The tattoo shop was empty when Leslie walked in. No voice broke the stillness of the room. Even the stereo was silenced.
"It's me," she called.
She went back to the room where Rabbit would do the work. The paper with the stencil of her tattoo waited on a tray on the counter beside a disposable razor and miscellaneous other items. "I'm a little early."
Rabbit stared at her for a moment but didn't say anything.
"You said we could start tonight. Do the outline." She came over to stare down at the stencil. She didn't touch it, though, strangely afraid that it would vanish if she did.
Finally Rabbit said, "Let me get the door."
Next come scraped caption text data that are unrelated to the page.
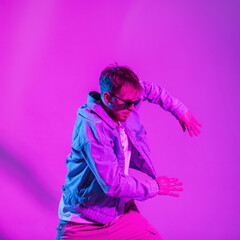Stylish handsome young hip hop dancer man in trendy fashion denim clothes dancing in studio with creative pink and blue neon light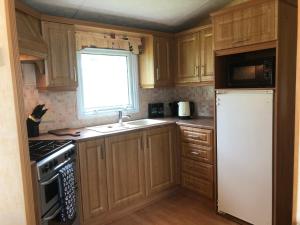 a kitchen with wooden cabinets and a white refrigerator at 74 Glenfinart Caravan Park in Dunoon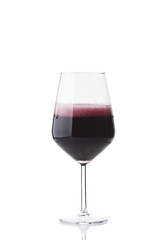 red wine poured into the glass on white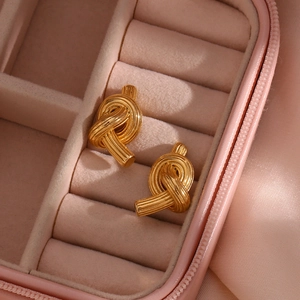 Golden knot earrings in a pink jewelry box, showcasing high-end brushed metallic details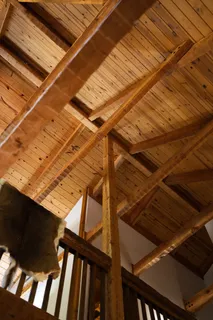 a view of a house with a yard and pathway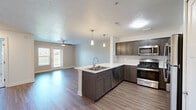 Located at 5024 Verdure Pkwy SE in Grand Rapids, Michigan, this one-bedroom, one-bathroom unit offers a well-designed layout with modern finishes throughout. The open-concept kitchen and living area form the heart of the space, anchored by a peninsula with a double stainless steel sink, crisp white countertops, and elegant pendant lighting above. The kitchen is equipped with dark espresso-toned cabinetry, a gas range, stainless steel microwave, dishwasher, and a full-size refrigerator, complemented by a subway tile backsplash for a clean, contemporary look. The living room extends naturally from the kitchen, featuring warm wood-style plank flooring, a ceiling fan, and a glass door with adjacent window that fills the space with natural light and provides outdoor views. The bedroom offers plush carpeting, a ceiling fan, and a window overlooking the greenery outside, creating a calm and comfortable retreat. The bathroom is finished with wood-style flooring, brushed nickel hardware, and a full tub-shower combination. A dedicated laundry room with wire shelving and a full-size washer and dryer adds everyday convenience. Neutral wall tones and consistent finishes give the unit a cohesive, move-in-ready feel throughout.
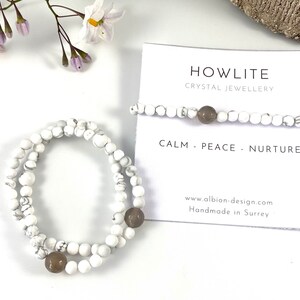May include: Two white howlite beaded bracelets with brown gemstone accents. The bracelets are stacked on top of each other. The card in the background reads "Howlite Crystal Jewellery Calm - Peace - Nurture www.albion-design.com Handmade in Surrey"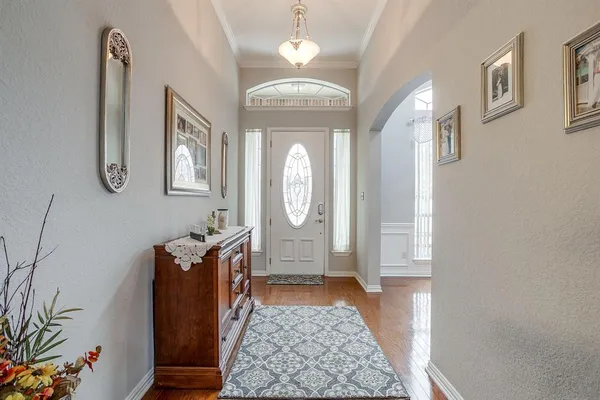 a view of an entryway with wooden floor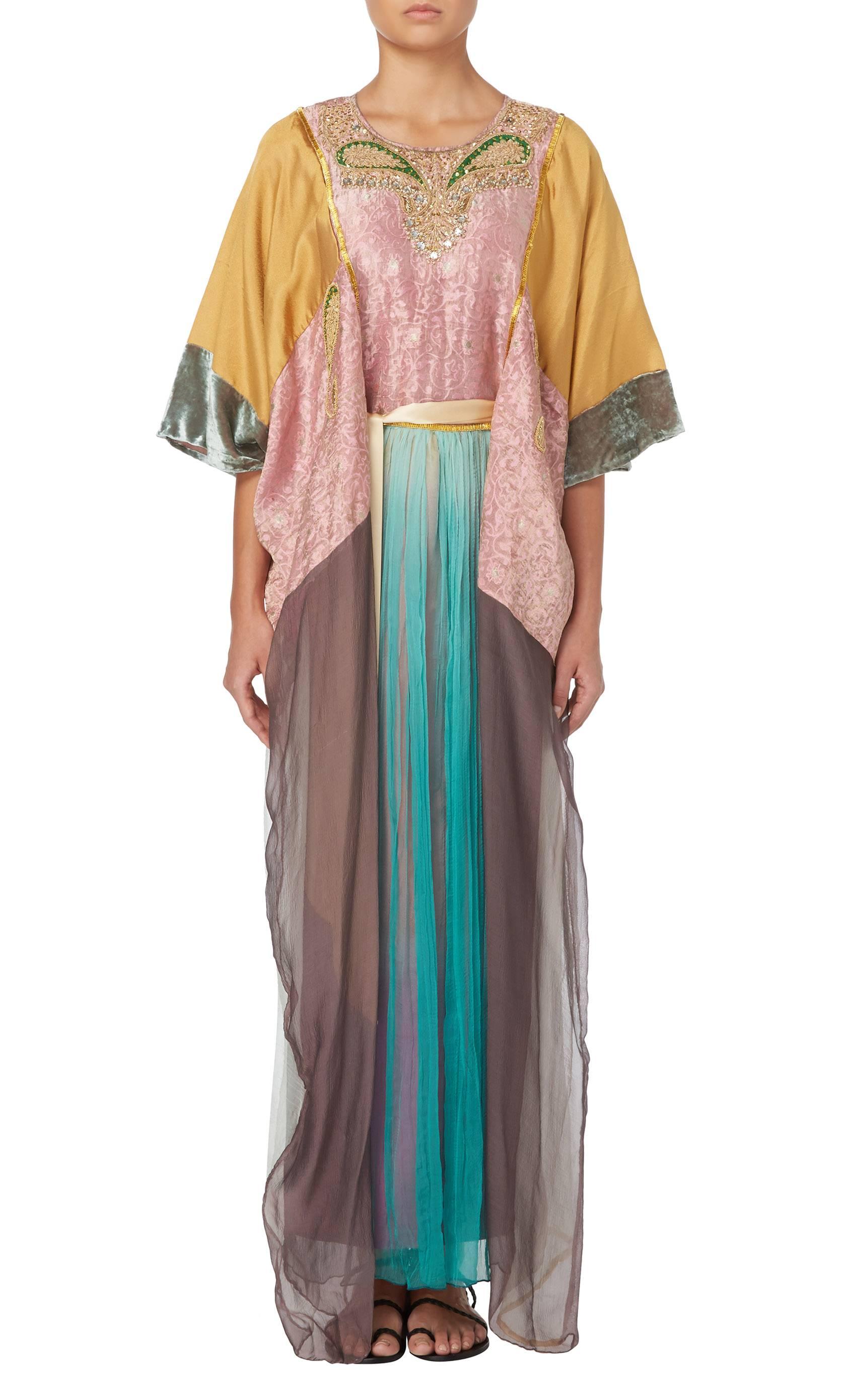 An amazing alternative to a traditional evening gown, this Thea Porter couture kaftan is the height of bohemian luxury. Constructed in a patchwork of silk brocade, velvet and chiffon, the kaftan is embellished at the neckline with gold beads,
While he was gone, she wandered around the tiny room—more to keep from touching the stencil than anything else. The walls were covered in various show and convention flyers—most faded and for events long past. A few framed photos, all black-and-white, and theater-size film posters were intermingled with the flyers. Like every other part of the shop, the room was impossibly clean and had a slight antiseptic scent.
She paused at several of the photos, not recognizing most of the people or places. Interspersed among them were framed pen-and-ink sketches. In one, Capone-era thugs were smiling at the artist. It was as realistic as any photograph, skillful to the degree that it seemed bizarre to see it hanging amidst the snapshots and posters. Rabbit returned as she was tracing the form of a stunningly beautiful man sitting in the middle of the group of gangsters. They were all striking, but it was him, the one leaning on an old twisted tree, who looked almost familiar. The others clustered around, beside, or behind him, but he was obviously the one with power. She asked, "Who's this?"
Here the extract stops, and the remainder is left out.